Our study has several limitations. First, it is a retrospective cohort study relying on clinical data extracted from the electronic health record, allowing for the possibility of misclassification bias from inaccurate documentation. Second, we encountered variability in the timing of electrolyte measurements relative to diuretic exposures. To mitigate bias, we included the timing of electrolyte measurement and the cumulative number of diuretic administrations received in our multivariable modeling and reported the independent effect of this expected variation in clinical practice on the observed electrolyte levels. Heterogeneity in blood sampling method (i.e. capillary vs free-flowing venous sample vs arterial sample) may also affect the reported electrolyte values. While our cohort of 94 infants is the largest cohort study evaluating serum electrolyte derangements after diuretic exposures in preterm infants with high grade BPD, our findings reflect a single center experience, and may not generalize to alternative diuretic dosing strategies. Lastly, our comparison was limited to 20 novel chlorothiazide exposures, raising the possibility of a type 2 error. To explore this limitation, we considered power calculations using a traditional approach for two independent means, assuming an alpha of 0.05 with our observed sample size and variances. We considered a change of 4 mmol/L for sodium, 1 mmol/L for potassium, and 5 mmol/L for chloride as minimally important clinical differences. Based on the subjects and data we obtained, the estimated power to detect these differences were 99% for sodium, 98% for potassium, and 99% for chloride. Although these power estimates do not reflect the full complexity of our data structure and multivariable model, they provide pragmatic reassuring estimates that our sample was adequate to detect clinically relevant difference in electrolyte changes.

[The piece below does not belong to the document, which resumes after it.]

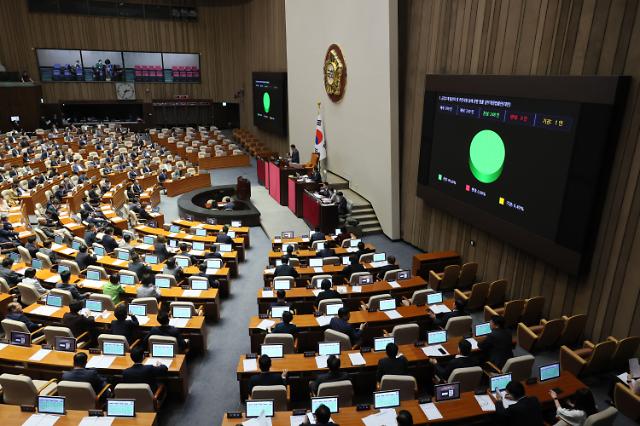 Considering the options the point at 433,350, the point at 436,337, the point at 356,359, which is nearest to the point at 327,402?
the point at 356,359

Our findings contribute data to the understudied area of diuretic therapy in preterm infants with BPD. In keeping with results from our previous study, we found that chlorothiazide is not associated with less electrolyte loss compared to furosemide, challenging the assumption that it is a “gentler” diuretic in this context. Clinicians may exercise caution when considering the preferential use of thiazide diuretics if the goal is to exert a diuretic effect while lessening the impact of sodium, potassium, and chloride loss. Future studies should investigate differences in additional side effects associated with diuretic administration including calcium losses and nephrolithiasis. This study highlights the need for future prospective studies that measure electrolyte levels in a standardized manner and randomize infants to furosemide vs chlorothiazide to properly compare treatment efficacy and safety in preterm infants with BPD.